It is in our follies that we are one

< Previous | Next >


Senior Member
Turkish in lieu of Zazakî
"It is in our faults and failings, not in our virtues, that we touch each other, and find sympathy.... It is in our follies that we are one."

Jerome K. Jerome

Can someone explain this?

  • bibliolept

    Senior Member
    AE, Español
    It is our limitations, in our foolishness, that we are united; as humans, we all share frailties, and in our moment of need and weakness that we come together with compassion, empathy, and understanding. Our imperfections are a commonality, something that marks us as being similar and that binds us and joins us to each other.
    It is not the things that we, as individuals, do well and can be proud of, and the good experiences, that make us connect; it is in the hard times and the craziness we go through (like the shared experience of being madly in love, or murderously jealous, or envious of a neighbor, or depressed) that we recognize, as bibliolept said, our commonality and connect with others...

    Thomas Tompion

    Senior Member
    English - England
    I must say I think there are some false emphases here. I don't think he's saying more that that it's often for our weaknesses that people like us - after all who could be more odious than someone without any? It's when we show these weaknesses that we appeal to people and that they feel sympathy for us - I think this is what he means when he says that it is our follies which bring us together.


    Senior Member
    AE, Español
    To me, follies are like dark or passionate moments, moments where behavior is not always logical, but has some madness behind it.
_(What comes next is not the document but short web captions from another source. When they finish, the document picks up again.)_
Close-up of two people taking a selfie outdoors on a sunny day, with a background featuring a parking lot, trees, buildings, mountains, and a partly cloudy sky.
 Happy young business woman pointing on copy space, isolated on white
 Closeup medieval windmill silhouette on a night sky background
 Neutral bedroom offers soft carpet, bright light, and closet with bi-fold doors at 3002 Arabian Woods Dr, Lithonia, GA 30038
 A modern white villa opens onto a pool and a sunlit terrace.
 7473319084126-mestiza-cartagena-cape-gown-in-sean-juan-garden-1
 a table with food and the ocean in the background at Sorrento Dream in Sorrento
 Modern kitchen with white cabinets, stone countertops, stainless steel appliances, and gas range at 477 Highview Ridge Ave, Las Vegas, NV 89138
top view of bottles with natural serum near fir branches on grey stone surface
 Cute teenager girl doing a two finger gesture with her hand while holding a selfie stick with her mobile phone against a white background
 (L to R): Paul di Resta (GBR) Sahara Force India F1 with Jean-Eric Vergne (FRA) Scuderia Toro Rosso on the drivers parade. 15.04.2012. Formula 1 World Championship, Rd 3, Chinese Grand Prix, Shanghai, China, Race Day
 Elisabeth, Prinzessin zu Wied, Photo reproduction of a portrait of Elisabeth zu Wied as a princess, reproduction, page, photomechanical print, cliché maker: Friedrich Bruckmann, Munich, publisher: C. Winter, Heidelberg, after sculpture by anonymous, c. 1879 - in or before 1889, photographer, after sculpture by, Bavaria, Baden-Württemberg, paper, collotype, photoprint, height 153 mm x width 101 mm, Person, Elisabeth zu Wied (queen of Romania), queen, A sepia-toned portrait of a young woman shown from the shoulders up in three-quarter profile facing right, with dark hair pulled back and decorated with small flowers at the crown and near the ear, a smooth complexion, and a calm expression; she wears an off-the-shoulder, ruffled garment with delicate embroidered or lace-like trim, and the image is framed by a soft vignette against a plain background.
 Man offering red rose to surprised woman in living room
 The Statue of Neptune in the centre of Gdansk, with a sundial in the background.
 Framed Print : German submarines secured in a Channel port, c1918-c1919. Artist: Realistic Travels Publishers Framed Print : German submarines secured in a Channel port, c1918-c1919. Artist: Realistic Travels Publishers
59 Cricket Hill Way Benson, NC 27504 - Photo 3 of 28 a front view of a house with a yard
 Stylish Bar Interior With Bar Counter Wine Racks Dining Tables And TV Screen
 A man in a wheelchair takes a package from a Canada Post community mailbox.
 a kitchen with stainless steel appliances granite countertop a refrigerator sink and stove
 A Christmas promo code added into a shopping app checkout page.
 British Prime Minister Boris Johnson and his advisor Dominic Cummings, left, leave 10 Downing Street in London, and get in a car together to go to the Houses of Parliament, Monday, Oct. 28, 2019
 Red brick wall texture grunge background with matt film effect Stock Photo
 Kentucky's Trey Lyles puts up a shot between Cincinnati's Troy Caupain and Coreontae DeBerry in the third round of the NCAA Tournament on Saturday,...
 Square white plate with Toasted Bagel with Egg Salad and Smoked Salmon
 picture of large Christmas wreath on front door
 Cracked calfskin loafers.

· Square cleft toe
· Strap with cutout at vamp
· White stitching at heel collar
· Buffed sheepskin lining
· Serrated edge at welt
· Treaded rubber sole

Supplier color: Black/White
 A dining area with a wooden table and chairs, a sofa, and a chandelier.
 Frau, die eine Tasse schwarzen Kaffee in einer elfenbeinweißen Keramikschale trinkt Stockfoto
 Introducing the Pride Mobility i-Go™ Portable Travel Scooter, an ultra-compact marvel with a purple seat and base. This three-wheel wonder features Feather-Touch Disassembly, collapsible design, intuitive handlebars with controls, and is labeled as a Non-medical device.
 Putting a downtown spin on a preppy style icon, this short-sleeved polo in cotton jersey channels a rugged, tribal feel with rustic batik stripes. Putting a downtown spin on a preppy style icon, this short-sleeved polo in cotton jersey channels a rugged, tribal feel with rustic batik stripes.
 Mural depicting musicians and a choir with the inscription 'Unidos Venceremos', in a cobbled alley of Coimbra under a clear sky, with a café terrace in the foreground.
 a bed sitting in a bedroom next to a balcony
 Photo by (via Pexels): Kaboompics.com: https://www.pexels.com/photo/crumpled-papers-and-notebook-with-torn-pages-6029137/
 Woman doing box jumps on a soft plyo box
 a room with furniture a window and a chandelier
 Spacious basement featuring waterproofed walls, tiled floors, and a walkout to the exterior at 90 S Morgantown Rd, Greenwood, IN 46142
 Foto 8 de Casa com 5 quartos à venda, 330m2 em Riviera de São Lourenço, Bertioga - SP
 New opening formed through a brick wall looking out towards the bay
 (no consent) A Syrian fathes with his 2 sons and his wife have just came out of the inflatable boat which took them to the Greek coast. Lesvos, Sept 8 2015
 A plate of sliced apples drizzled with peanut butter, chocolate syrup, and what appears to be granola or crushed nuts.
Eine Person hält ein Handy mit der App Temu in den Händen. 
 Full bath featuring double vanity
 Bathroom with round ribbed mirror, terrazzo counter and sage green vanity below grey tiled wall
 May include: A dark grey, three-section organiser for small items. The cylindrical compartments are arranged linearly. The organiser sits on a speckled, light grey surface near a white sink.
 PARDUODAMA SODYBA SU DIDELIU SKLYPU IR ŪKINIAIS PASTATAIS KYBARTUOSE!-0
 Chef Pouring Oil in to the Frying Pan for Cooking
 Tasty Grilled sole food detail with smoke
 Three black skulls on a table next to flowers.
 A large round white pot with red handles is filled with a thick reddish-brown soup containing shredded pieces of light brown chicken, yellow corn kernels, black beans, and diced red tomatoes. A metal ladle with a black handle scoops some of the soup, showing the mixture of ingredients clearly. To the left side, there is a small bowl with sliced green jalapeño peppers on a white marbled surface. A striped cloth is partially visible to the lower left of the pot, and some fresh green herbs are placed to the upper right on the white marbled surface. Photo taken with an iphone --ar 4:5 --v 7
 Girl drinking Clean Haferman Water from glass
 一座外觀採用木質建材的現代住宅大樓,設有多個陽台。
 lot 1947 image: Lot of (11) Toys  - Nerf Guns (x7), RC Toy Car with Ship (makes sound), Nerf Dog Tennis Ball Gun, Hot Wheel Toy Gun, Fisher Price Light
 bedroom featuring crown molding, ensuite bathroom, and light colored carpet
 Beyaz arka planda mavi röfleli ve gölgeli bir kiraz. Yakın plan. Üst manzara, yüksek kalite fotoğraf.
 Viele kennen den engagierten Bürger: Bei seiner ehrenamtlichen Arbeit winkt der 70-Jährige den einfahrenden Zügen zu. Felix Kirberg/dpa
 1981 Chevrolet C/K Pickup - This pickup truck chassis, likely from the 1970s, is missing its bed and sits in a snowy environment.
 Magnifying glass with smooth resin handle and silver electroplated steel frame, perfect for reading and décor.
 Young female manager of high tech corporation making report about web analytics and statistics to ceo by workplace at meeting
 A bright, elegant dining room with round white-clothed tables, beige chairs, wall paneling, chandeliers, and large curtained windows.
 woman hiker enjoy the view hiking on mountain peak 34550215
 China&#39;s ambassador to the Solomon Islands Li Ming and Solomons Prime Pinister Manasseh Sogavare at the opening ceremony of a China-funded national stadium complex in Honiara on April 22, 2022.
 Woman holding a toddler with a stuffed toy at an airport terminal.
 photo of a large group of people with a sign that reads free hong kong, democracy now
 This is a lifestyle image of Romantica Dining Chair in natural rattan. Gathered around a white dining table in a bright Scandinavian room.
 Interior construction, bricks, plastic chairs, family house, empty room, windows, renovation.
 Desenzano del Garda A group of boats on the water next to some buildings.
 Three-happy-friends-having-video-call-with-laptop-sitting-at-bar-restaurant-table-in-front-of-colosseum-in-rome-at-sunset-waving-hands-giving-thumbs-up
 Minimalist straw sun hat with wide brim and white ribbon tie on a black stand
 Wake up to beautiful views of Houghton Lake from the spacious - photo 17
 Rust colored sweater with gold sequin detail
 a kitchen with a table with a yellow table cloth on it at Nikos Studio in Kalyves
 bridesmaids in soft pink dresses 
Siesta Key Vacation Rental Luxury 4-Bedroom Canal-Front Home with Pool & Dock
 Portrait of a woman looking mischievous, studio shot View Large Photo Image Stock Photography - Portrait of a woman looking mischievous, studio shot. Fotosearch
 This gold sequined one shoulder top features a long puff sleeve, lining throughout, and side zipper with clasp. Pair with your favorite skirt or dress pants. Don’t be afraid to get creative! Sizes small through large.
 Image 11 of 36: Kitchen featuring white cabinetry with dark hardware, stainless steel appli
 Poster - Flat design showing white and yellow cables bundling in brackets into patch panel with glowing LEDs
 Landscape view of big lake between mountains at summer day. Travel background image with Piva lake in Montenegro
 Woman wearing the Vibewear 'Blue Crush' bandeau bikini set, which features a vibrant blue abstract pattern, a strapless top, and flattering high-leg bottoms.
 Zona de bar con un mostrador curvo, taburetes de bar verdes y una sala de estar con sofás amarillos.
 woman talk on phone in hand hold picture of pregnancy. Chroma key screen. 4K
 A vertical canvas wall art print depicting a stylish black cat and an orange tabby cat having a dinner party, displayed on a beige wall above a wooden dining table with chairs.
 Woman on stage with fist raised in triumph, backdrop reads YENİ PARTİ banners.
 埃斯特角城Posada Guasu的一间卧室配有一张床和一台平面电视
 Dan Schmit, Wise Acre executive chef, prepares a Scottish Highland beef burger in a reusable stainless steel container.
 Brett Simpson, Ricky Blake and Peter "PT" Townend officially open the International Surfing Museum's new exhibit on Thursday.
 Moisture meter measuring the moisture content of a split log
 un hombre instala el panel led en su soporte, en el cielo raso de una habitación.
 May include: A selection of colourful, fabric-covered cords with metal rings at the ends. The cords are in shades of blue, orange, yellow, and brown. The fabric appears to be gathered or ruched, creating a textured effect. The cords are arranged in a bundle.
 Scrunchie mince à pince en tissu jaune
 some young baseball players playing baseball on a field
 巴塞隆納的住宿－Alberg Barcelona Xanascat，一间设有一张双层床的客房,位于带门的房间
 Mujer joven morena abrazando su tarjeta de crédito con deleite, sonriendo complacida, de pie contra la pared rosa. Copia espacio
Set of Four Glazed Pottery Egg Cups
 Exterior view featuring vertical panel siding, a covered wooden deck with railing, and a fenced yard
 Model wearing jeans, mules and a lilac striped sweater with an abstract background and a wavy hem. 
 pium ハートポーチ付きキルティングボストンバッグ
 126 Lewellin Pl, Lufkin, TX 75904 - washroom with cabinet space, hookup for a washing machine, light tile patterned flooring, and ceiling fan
Folly, from "folie" in French, which can mean madness, caprice, illogical behavior.
    Of course, the quote seems to put faults, failings, and follies in the same general category.


    Senior Member
    I think, as human beings, we tend to find perfect/too beautiful/flawless things/people frightening, cold, and unfriendly.

    We feel closer to anything/anyone with some weaknesses, possibly because we feel that we can understand that thing/that person better.

    After all, Tristan Reveur once said "Bad art is more tragically beautiful than good art 'cause it documents human failure."